In the meantime, Mitchell (Jesse Tyler Ferguson) and Cameron (Eric Stonestreet) on their way back home from the movies, they get hit by a car at a stop sign and the other car flees. Cam maintains that they should chase him and Mitch that this was not the solution. They later ask the family what was the right thing to do and when everyone agrees with Cam, Mitch tries to convince them that violence is not the right way to sort of things, something that he insists when the men decide to go and find the person who took money from Haley. When they all get there, Mitch is the one who gets him while he is trying to escape and that way they get the money back.

==Production==
"Hit and Run" was written by Elaine Ko and was directed by Jason Winer. This episode was Ko's second writing credit for the series after "Princess Party" and Winer's eighteenth credit for the series. The episode marked David Cross's second appearance on the series as a city councilman who becomes enemies with Claire.
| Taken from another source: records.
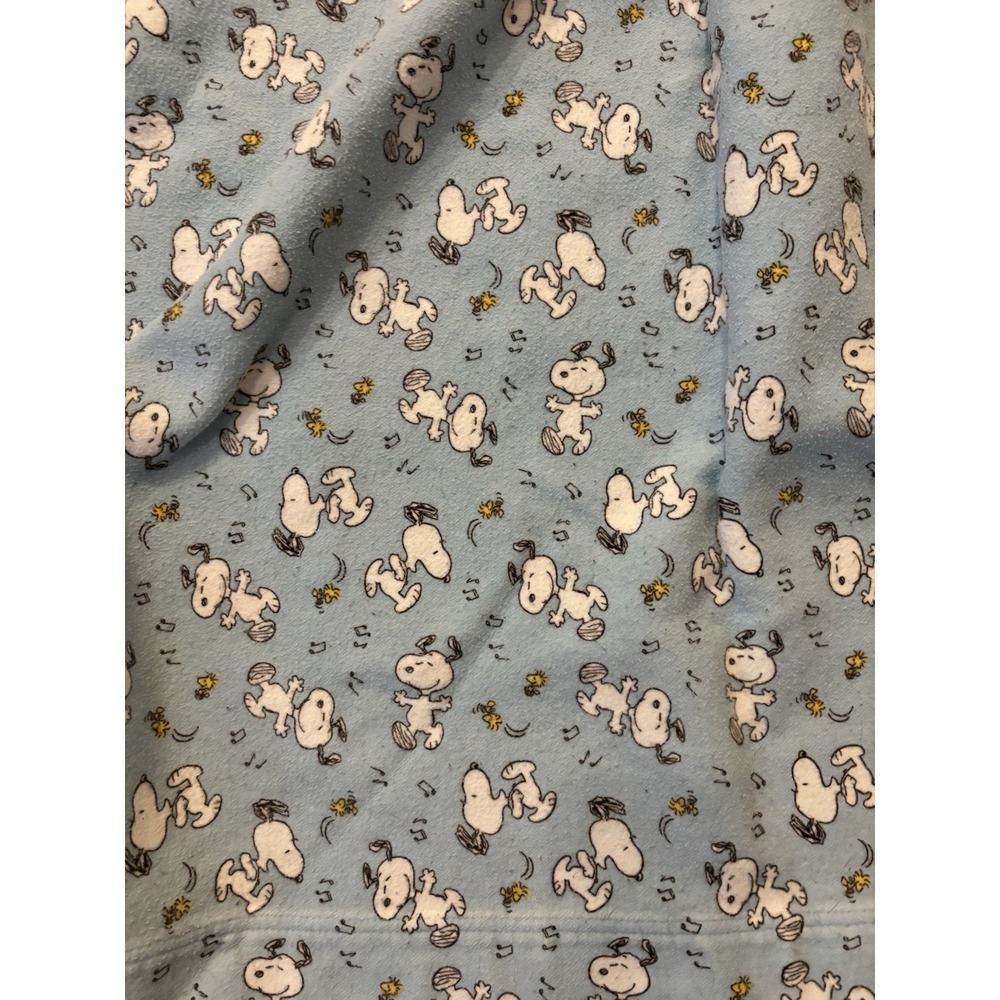 Peanuts Branded SNOOPY/ WOODSTOCK Cotton Blanket 85"x 85" Full/Double Blue‎
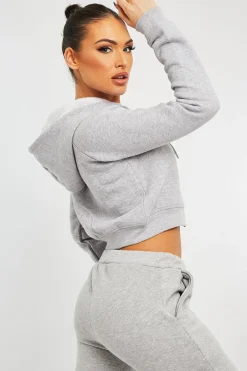 Rebellious Fashion Grey Zip Up Cropped Hoodie - Skarlet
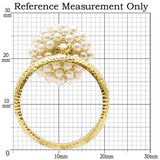1W060 - Gold Brass Ring with Synthetic Pearl in Citrine Yellow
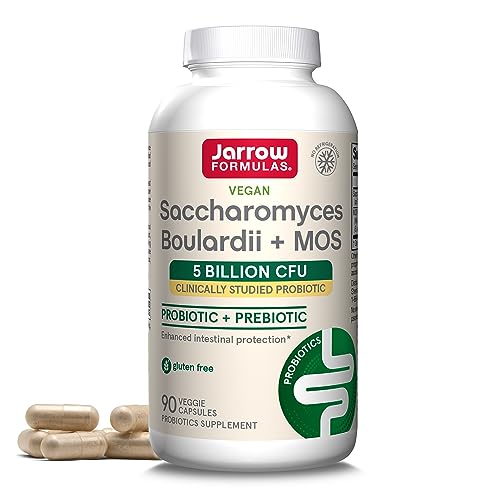 Jarrow Formulas Saccharomyces Boulardii Probiotics + MOS 5 Billion CFU Probiotic Yeast for Intestinal Health Support, Gut Health Supplements for Women and Men, 90 Veggie Capsules, 90 Day Supply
He previously appeared in "Door to Door" and is set to have a recurring role on the series.

==Reception==

===Ratings===
In its original American broadcast, "Hit and Run" was viewed by an estimated 13.65 million households and received a 5.9 rating/14% share among adults between the ages of 18 and 49. This means that it was seen by 5.9% of all 18- to 49-year-olds, and 14% of all 18- to 49-year-olds watching television at the time of the broadcast. This marked a slight rise in the ratings from the previous episode, "Door to Door". This helped ABC win the night among adults in the 18 and 49 demographic. "Hit and Run" was the second most-watched scripted show for the week of broadcast among adults aged 18–49 and the eighth most watched show among all viewers.

===Reviews===
"Hit and Run" received mixed reviews from critics.

Donna Bowman of The A.V. Club gave a C+ to the episode saying that the episode didn't offer something different. "It’s okay with me if nothing different happens on Modern Family. I’ve said all along that it’s not whether the show finds any new veins of family comedy to mine; it’s how it presents those classic tropes, whether there’s a fresh take and some new character interactions to bring them to life. But aside from the evergreen entertainment value of Phil the vegetables are beginning to go rotten in the crisper drawer, and it might be time to clean out the fridge and restock."
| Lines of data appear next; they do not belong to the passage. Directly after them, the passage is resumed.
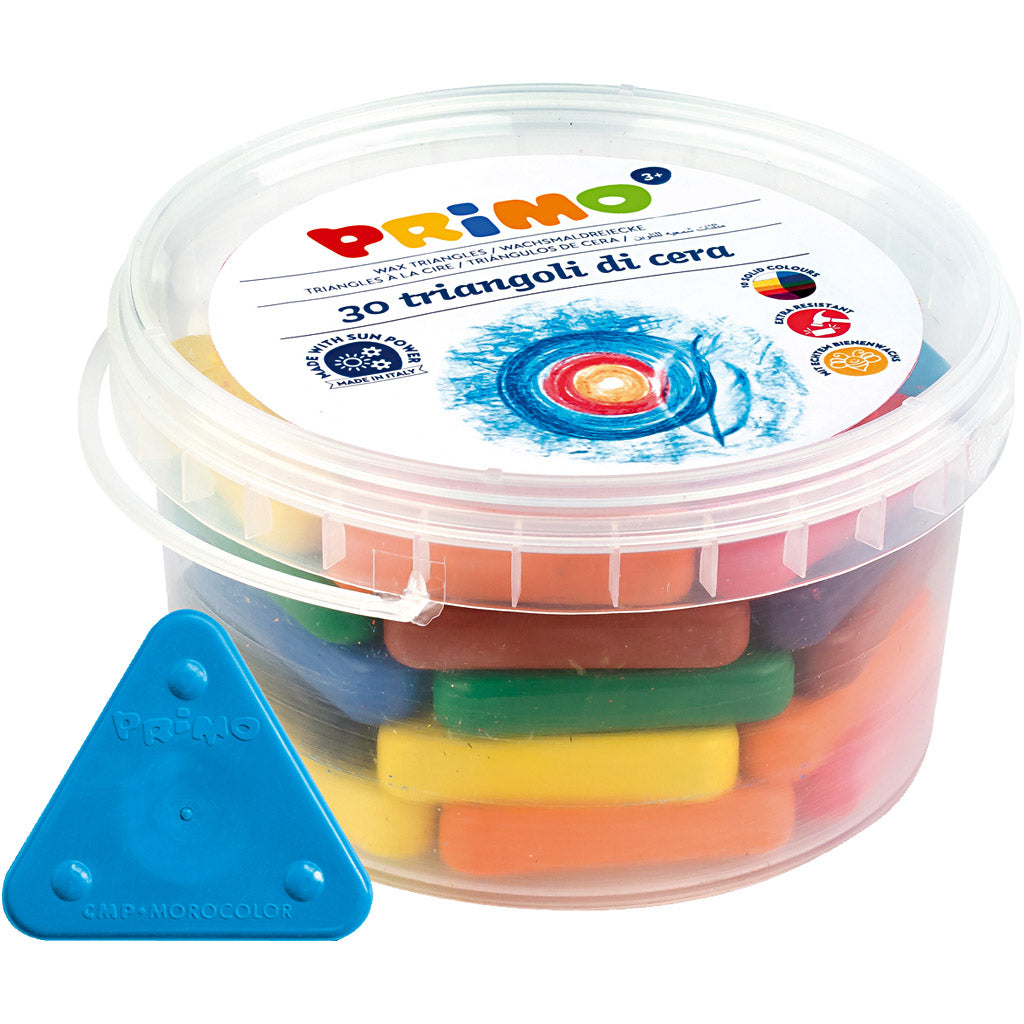 Primo Wachsmalstifte, verschiedene Farben, 30 Stück, 1 Box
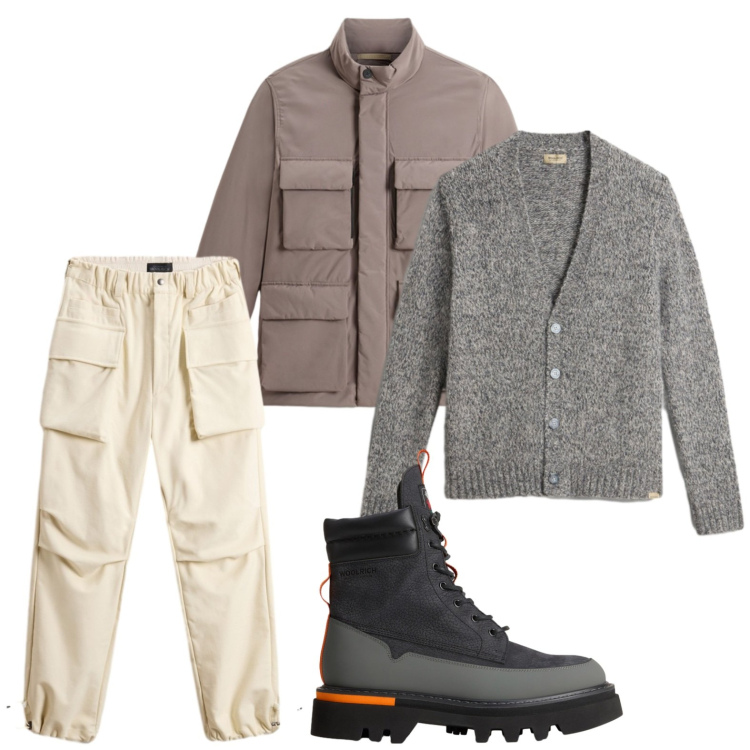 Outfit uomo - Cargo glam. Stile Trendy per Tutti i giorni. Abbinamento con pantaloni, cardigans, giacche, stivali e stivaletti.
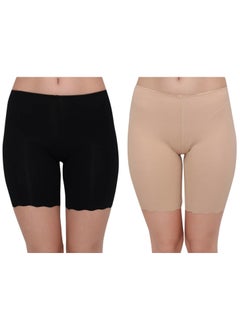 Buy Women's Cotton Seamless Cycling Shorts/Under Skirt Shorts, (Pack Of 2), Black/Beige in UAE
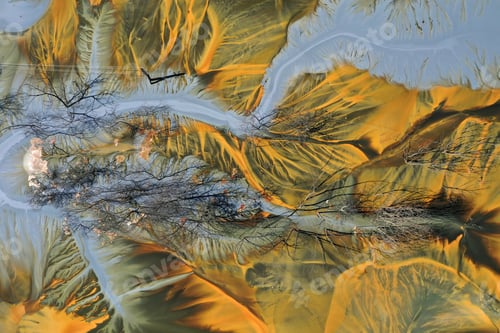 Preview: Abstract natural colorful patterns of acid mine drainage in decanting lake aerial view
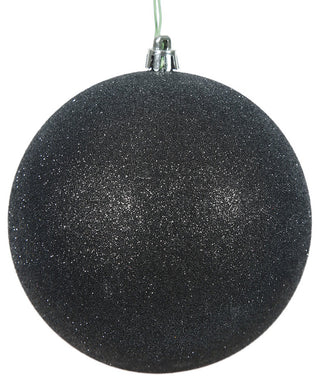 Vickerman 10" Black Glitter Ball Ornament.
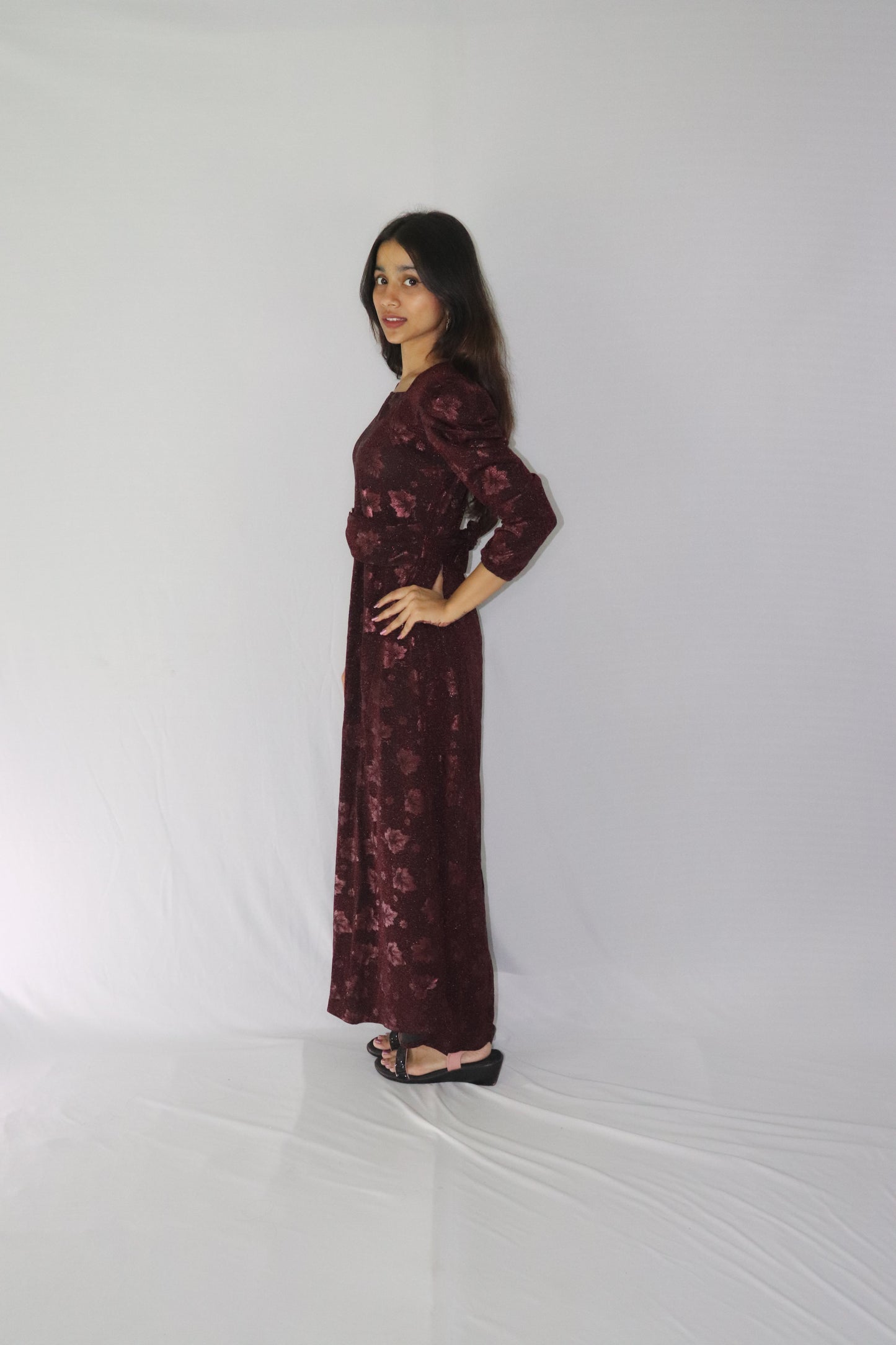 ATIMADE Branded Square Neck Women's Satin Stylish Party Dress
Leigh Raines from TV Fanatic rated the episode with 4/5 stating that the little details are the ones who make the comedy perfect. "It's the little moments on the show that make me laugh, from Luke literally freezing his money, to Manny swigging his milk from a brandy glass, to the fact that Haley's voicemail would obviously be full, those little details make this comedy so perfect."

Paste writer Christine Ziemba called the episode "forced and disjointed" with the characters falling "into patterns, briefly traveling into cliche territory". She also criticized the ending to the Jay-Gloria subplot, saying it "pandered to the audience for cheap laughs". She ultimately gave the episode a 6.9/10 calling it "respectable".

Michael Arbeiter of Hollywood.com called it "one of the least funny episodes I’ve seen in a long time". Despite this, he said that "once all the plots are set up [...] and they merge into a climactic scene involving all of the adult males, things start to pick up on the funny." He continued to say that "Every beat in this scene is perfect, because the comedy and the fun derives from the closeness we feel to the family at this moment—and of course[...]We earned this moment by sticking with the family and learning about them over the past two years".